I knew that she was in pain for she didn’t cry out loud but she quietly cried tears to show how much she was hurting. After taking her to the vet and getting the results, I made the decision that was best for her, and that was to have her put down. In the coming days, I kept asking why and what could I have done to help her. But after getting the preliminary results from the vet, there was nothing that I could do to help her for she was too far gone. She just didn’t show it until the end.
I even went to a physic for help on the matter, and I while I gained new information from the session there are still things that I want to know. This is the first alpaca that I have ever had to put down, and it was the first animal/pet that I have made the decision to help them end their suffering. Even though, her pain has been ended for her, I’m in pain for the hurt runs deep. I made a selfless choice to help her, and that should be the end of it but it is not for I want answers. In searching for those answers and dealing with the grief of her loss, I too need to escape.
Being a writer, should mean that I can put that loss into words. But I really can’t for it has not yet been a week since she has passed on to the next level of life. While I think of her and how she should be – healthy and in the pasture with others – I can only say if she was here she would be in pain, and want to live with that every day for the rest of her life.

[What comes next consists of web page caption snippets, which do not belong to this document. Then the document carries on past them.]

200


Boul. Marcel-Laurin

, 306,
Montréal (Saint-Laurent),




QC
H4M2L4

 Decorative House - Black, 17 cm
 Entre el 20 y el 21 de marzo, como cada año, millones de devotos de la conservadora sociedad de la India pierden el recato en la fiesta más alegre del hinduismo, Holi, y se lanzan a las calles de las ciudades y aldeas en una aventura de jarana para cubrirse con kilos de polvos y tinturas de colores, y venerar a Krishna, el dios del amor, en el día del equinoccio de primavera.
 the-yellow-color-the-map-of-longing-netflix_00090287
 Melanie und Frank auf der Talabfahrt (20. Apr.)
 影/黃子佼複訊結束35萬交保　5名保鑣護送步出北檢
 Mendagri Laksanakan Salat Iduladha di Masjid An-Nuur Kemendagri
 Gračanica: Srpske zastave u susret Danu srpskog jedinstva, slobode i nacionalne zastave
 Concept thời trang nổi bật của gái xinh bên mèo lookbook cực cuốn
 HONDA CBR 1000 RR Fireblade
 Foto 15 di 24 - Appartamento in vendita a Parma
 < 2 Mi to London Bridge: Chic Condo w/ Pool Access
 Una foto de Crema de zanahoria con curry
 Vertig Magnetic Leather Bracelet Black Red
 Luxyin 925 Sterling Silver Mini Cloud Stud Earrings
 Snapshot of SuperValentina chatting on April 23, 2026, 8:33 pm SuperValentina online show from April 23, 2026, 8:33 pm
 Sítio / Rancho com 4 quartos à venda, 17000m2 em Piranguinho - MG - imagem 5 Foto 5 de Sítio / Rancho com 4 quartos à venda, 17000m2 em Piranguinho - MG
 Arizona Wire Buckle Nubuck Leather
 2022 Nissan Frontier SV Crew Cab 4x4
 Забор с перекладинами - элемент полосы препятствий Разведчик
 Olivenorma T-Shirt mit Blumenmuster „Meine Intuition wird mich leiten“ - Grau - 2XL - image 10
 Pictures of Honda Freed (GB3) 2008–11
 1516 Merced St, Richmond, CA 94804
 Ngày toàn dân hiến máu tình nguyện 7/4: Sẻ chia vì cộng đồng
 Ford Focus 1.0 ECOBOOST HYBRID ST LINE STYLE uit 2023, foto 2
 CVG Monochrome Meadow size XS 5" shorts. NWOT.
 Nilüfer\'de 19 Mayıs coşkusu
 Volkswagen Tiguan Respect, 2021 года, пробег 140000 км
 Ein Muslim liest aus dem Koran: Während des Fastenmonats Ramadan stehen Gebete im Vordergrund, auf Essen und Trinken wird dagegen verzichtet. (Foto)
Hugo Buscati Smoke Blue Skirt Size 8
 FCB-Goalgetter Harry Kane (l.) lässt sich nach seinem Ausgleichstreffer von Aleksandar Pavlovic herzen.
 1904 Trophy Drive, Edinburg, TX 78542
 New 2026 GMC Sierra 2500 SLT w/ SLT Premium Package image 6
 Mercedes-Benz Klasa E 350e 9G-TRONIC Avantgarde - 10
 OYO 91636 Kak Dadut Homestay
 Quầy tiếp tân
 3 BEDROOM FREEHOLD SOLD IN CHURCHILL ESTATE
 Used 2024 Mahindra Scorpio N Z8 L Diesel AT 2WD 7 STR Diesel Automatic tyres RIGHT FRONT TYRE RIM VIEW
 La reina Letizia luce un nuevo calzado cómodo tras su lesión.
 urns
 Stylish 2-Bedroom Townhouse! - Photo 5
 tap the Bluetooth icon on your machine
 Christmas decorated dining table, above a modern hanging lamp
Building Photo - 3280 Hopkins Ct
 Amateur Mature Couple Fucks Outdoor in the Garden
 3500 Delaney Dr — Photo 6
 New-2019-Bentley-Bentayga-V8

So right now, I’m finding an escape from dealing with her loss, and that is to write. I’ve thought about The Raven Prophecy, Ravages of Time, The Zodiac Tower, and other works of fiction that I have on the back burner and I think that maybe her passing is a driving force to get things completed. But in the end when I’m not writing, I’m thinking of her and how much I want her back.
The hurt runs deeper than I ever thought possible, and there is no escaping the pain of her death.
Sorry, if this not the sort of positive ending for this post, but not every thing is happy, and rosy. But also think of those that are held captive, they have no escape from that reality for they face it every day until either their death or they rescued. Even then, there is no escaping them from that either not for a long time. I guess that is also fascinating for us writers, is that when something dark happens in our world, our view on the world becomes dark and sad like a darkened forest that we cannot get out until something new comes into our world to make us see that life is supposed to be happy, rosy and above all things something that we shouldn’t have to escape from.
While this may not be a helpful post, I still hope that you have a great writing day!